Mali: tre confini, la morsa dell’insicurezza si stringe su Ménaka

di Valentina Milani

Di Valentina Giulia Milani

Nel nord-est del Mali, la città di Ménaka è sottoposta a una crescente pressione da parte dei terroristi dello Stato Islamico. A puntare l’attenzione sulla situazione è Radio France Internazionale (Rfi) precisando che lo stato di insicurezza si registra da mesi in tutta la zona dei “tre confini”, ma negli ultimi giorni “la morsa si è pericolosamente stretta sulla città stessa”.

Rfi ricorda che il 12 agosto, 20 civili sono stati uccisi a Esseylel, a meno di 20 chilometri da Ménaka. Tre giorni dopo, lunedì 15 agosto, combattenti dello Stato Islamico in motocicletta hanno rubato del bestiame alle porte della città, creando il panico: il governatore e alcuni amministratori civili si sono rifugiati nel campo militare e vi hanno trascorso la notte.

Da allora la situazione si è calmata ma resta preoccupante: da marzo, tra i 300 e i 700 civili, secondo le fonti, sono stati uccisi nella regione dal gruppo dello Stato Islamico che, secondo le Nazioni Unite, ne controlla tre quarti. “Hanno fatto di Ménaka il loro obiettivo prioritario”, conferma a Rfi un leader di un gruppo armato locale.

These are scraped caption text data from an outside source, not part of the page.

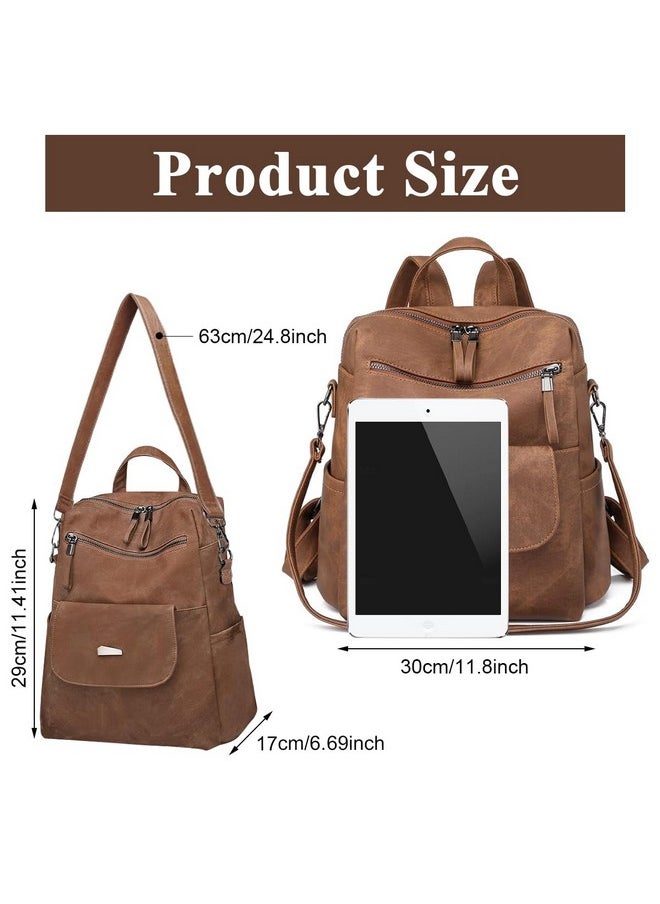 PALAY® PU Leather Backpack for Women Stylish College Bag for Girls Soft Backpack for Girls Travel Backpacks Vintage Shoulder Bags Casual Handbags Sling Shoulder Bags Gifts for Women and Girls - Brown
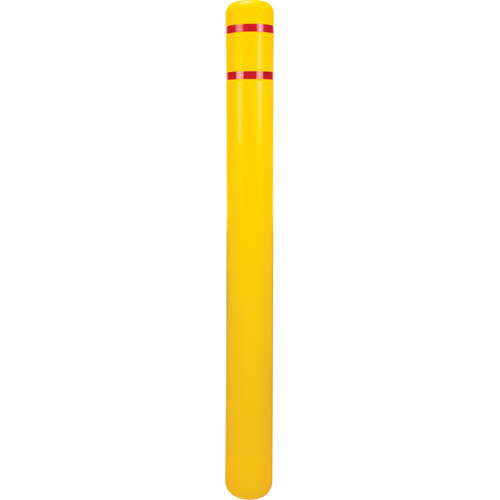 Capuchon en poly&eacute;thyl&egrave;ne pour borne de protection, 4-1/2" dia. x 52" l, Rouge/Jaune Les Fournitures Industrielles Méga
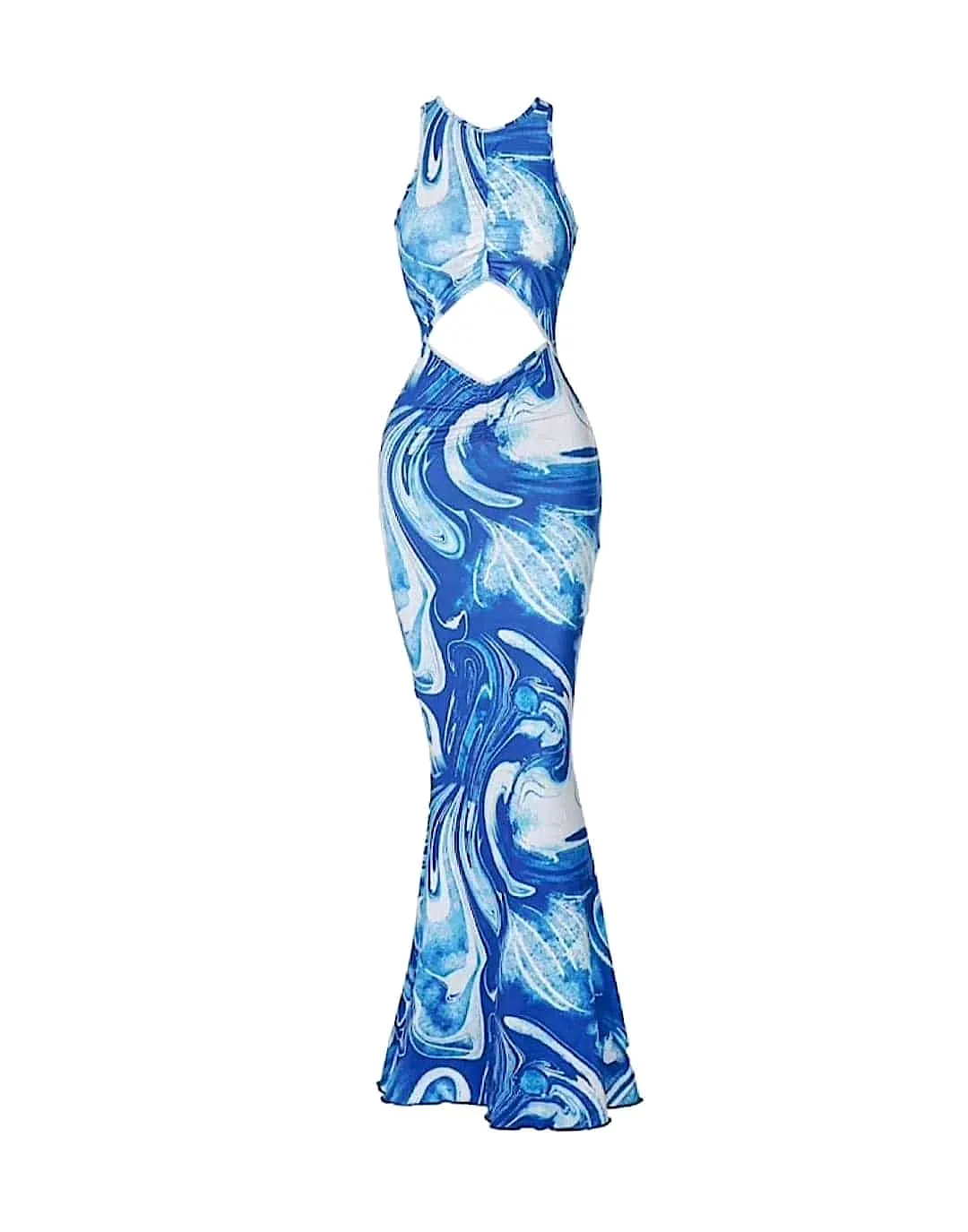 Tie Dye Cut Out Bodycon Long Dress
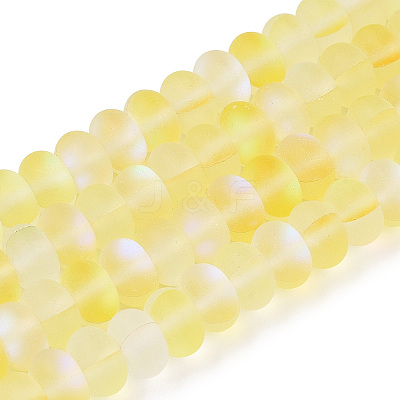 Frosted Transparent Glass Beads Strands FGLA-M002-01H-1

A Ménaka sono presenti la coalizione Gatia-Msa, i gruppi armati che hanno firmato l’accordo di pace e sono alleati di Bamako, i caschi blu della Minusma e l’esercito maliano – che non ha risposto alle domande di Rfi – e i suoi ausiliari russi. Si dice che questi ultimi contino attualmente tra i 20 e i 50 uomini, che a volte ma raramente lasciano il loro campo, secondo diverse fonti locali interpellate da Rfi.

Altre fonti della sicurezza maliana affermano di non credere a un’offensiva immediata sulla città. I jihadisti rimasti alla periferia di Ménaka sarebbero alla guida di circa 20 o 30 motociclette, che nella maggior parte dei casi trasportano due uomini armati. Durante le offensive più massicce degli ultimi mesi, ce n’erano diverse centinaia.

Secondo le Nazioni Unite, più di 50.000 sfollati si sono rifugiati nella città, che è “piena fino a scoppiare”, dice un notabile di Ménaka, preoccupato per la situazione umanitaria. E conclude: “Spero che i leader di Bamako abbiano finalmente preso la misura di ciò che sta accadendo qui”.